For your convenience there is a file named requirements which you can check, which holds the
information about all the required libraries. After making sure you have python up and running in
your machine, you can install all the requirements with pip
, by using the following command:
pip install -r requirements.txt
After that step, if you want to rerun the whole application you should create a file named
credentials.json
in the root diretory of the project. This file should contain the following
code:
{
"username": "[email protected]",
"password": "yourPassword"
}
These should be your credentials of the LinkedIn webside, in order to use the scraper correctly.
- Clone the repository
- Install the dependencies as explained in the documentation
- Install MongoDB in your system
- A Python class will take care of initializing the localhost database and the collection
- Navigate to the "modeling" directory:
cd modeling
- Run the scraper:
python scraper.py
- After successful scraping of the websites, you are ready to move on to analysis.
- Navigate to the "notebooks" directory:
cd notebooks
- Run each desired notebook one by one
- Notebook number one contains an execution of the notebook. If you want to run it in your own machine, you have to run through the scraping process first.
(Optional) If you want to rerun the analysis on your own scraped data, please run notebook
number 2 as well. In this case a file named noun_chunks.csv
will be create. You have to take
this file, rename it to noun_chunks_classified.csv
and manually identify each row in that
file as "not_skill", "soft_skill", or "hard_skill".

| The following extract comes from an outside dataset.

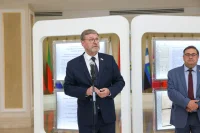 Сенатор Косачев открыл выставку в рамках проекта «Сенатские чтения»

The third notebook contains code for running a set of simple classifiers. This includes the following:
- Multinomial Naive Bayes
- Support Vector Machine
- Linear Support Vector Machine
- Random Forest
- Logistic Regression
Additionally, it includes a brief analysis and several improvements to the classifiers such as
n-gram range selection, cross-validation, and hyperparameter tuning through GridSearchCV
.
Word2vec is a family of self-supervised algorithms that let us learn and train word embeddings from a corpus. One way
of learning vector represantation of words is called continuous skip-gram
model. This model predicts the words
around the word currently being searched. The amount of words to be searched has a certain range which we specify.

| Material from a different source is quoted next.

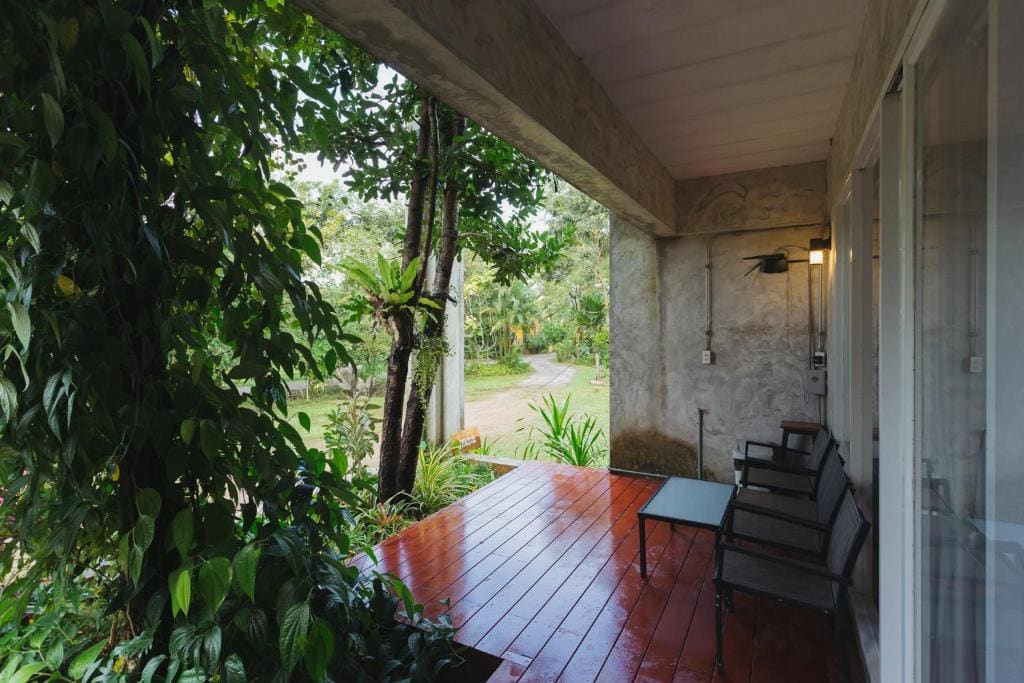 Twin Room with Balcony room - Image 1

In this model the first thing is to generate the positive-skip grams for each word. Positive in the sense that the neightborhood of the word includes words that appear within the specified range or window. After this we will have to find also the negative sampling for skip-gram generation. These are the pairs of the current word and an amount of words that do not appear within our specified window.
In notebook number five, I created a deep learning model that contains word embeddings
and a convolution
layer.
Word embeddings are a way of representing words as dense vectors of real numbers. They are used in natural language
processing (NLP) to encode words in a way that allows them to be used as input to machine learning models. The main
advantage of word embeddings is that they allow us to use an efficient, dense representation in which similar words
have a similar encoding. This makes it possible to use machine learning algorithms to analyze text data and perform
tasks such as sentiment analysis, text classification, and machine translation.
In text classification models, convolutions are used to recognize topics and relationships between words. It is a feature transformation that groups a set of sequential data into a convoluted, compressed data. In general, convolutions of one dimention takes care of neighboring words by using a filter length that implies a context window of words.
In the last notebook (number six), I created a deep learning model that combines word embeddings
with a
Long Short-Term Memory(LSTM)
layer. LSTM networks are a type of recurrent neural network (RNN) that are capable
of learning long-term dependencies in sequential data. In particular, LSTM networks can be used to model the sequential
nature of job posts and capture long-term dependencies between words.
Word embeddings can then be used to represent each word as a vector in a high-dimensional space, which can help capture semantic relationships between words. By combining these two techniques, it is possible to improve the accuracy of skill extraction from job posts by identifying relevant keywords and phrases that are indicative of specific skills. This deep learning model proved to be the best performing one compared to the previous models.